As far as I know, the Linux kernel never inspects the userspace thread to adjust behavior based on what the thread is going to do next. This would be a very brittle sort of optimization.

More importantly, it's not safe. Another thread in the same process can see ptr between the malloc and the memcpy!

Edit: also, of course, malloc and memcpy are C runtime functions, not syscalls, so checking what happens after malloc() would require the kernel to have much more sophisticated analysis than just looking a few instructions ahead of the calling thread's %%eip/%%rip.

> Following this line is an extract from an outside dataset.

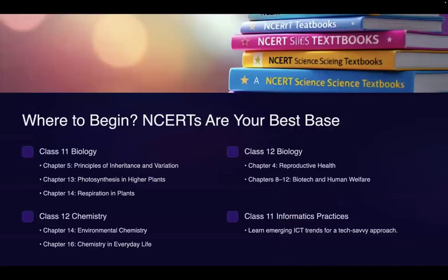If you are not from a science background, then where do you start? To even understand current affairs, understanding the base is very, very important. If you are not aware about the base, you will not be able to understand any current affairs. So where to begin? NCRTs are your best base, and I will tell you a detailed list of chapters you have to refer.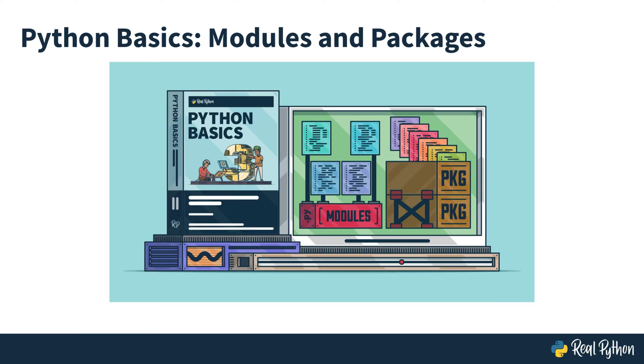Welcome to another Python Basics course on realpython.com. I'm Filip, and today you'll learn about modules and packages.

While handling malloc()'s mmap() or brk() allocation, the kernel would need to be able to look one or two call frames up the call stack, past the metadata accounting that malloc is doing to keep track of the newly acquired memory, perhaps look at a few conditional branches, trace through the GOT and PLT entries to see where the memcpy call is actually going, and do so in a way that is robust to changes in the C runtime implementation. (Of course, in practice, most C compilers will inline a memcpy implementation, so in the common case, it wouldn't have to chase the GOT and PLT entries, but even then, it's way too complicated for the kernel to figure out if anything non-trivial is happening between mmap()/brk() and the memory being overwritten.)

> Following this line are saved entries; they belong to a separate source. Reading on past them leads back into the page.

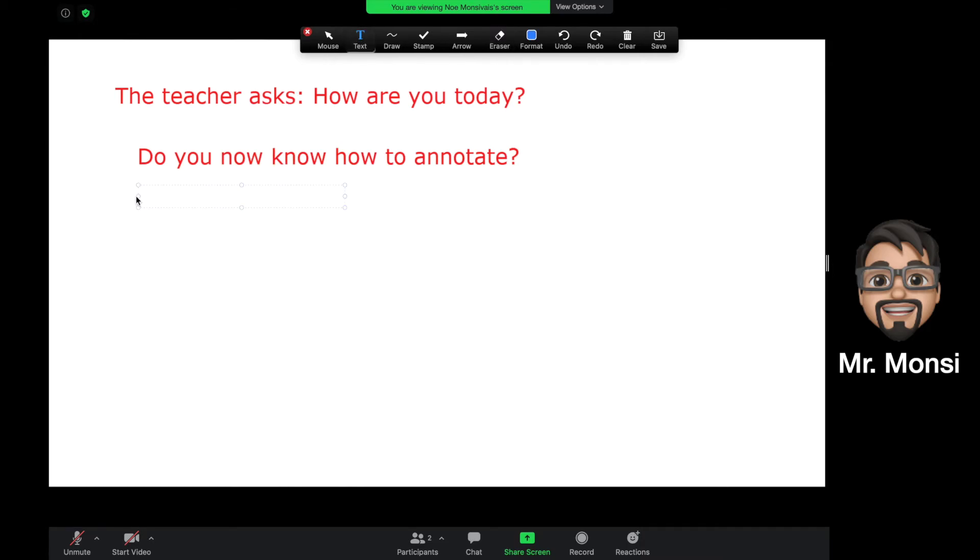I hope that this video has been helpful for you and that you have learned to annotate. Please, expect to use this in the classroom very soon. And as always, keep it true.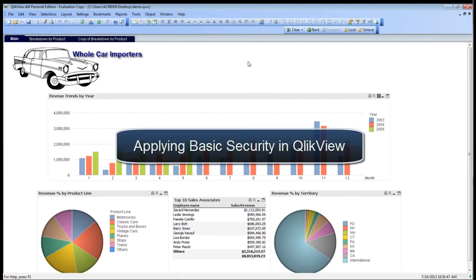Welcome to WCI's webinars of QlikView and the visualizations that are available from QlikTech. Today we're going to be talking about how to apply basic security, which is a very common question.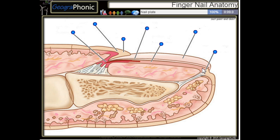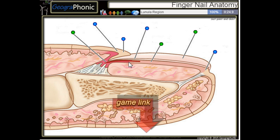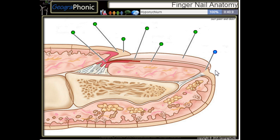This is a nail plate. This is the nail bed. Here we see the nail matrix. This is the lunula region. This is the cuticle. Here we see the proximal nail fold and the hyponychium.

Edit 2: To be robust in the completely general case, even if it were trivial to identify the inlined memcpy implementation, and it were clearly defined "something non-trivial happens", determining if "something non-trivial happens" between mmap()/brk() and memcyp() would involve solving the halting problem. (Imposssible in the general case.)

I'm NOT an expert here, but offhand.

  malloc() == 'reservation' (but not paged in!) memory
  // If touched / updated THEN the memory's paged in
A copy _might_ not even become a copy if the kernel's smart enough / able to setup a hardware trigger to force a copy on writes to that area, at which point the physical memory backing two distinct logical memory zones would be copied and then different.
That's a good point that Linux doesn't actually allocate the pages until they're faulted in by a read or write. So, if it were doing some kind of thread inspection optimization, it would presumably just need to check if the faulting thread is currently in a loop that will overwrite at least the full page.

However, that wouldn't solve the problem of other threads in the same process being able to see the page before it's fully overwritten, or debugging processes, or using a signal handler to invisibly jump out of the initialization loop in the middle, etc. There are workarounds to all of these issues, but they all have performance and complexity costs.

malloc gets memory from the heap which may or may not be paged in/reused. That means you may get reused memory from the heap (which is up to the CRT).

If you want make sure it is zero you will want calloc. If you know you are going to copy something in on the next step like your example you probably can skip calloc and just us malloc. calloc is nice for when you are doing thigs like linked lists/trees/buffers and do not want to have steps to clean out the pointers or data.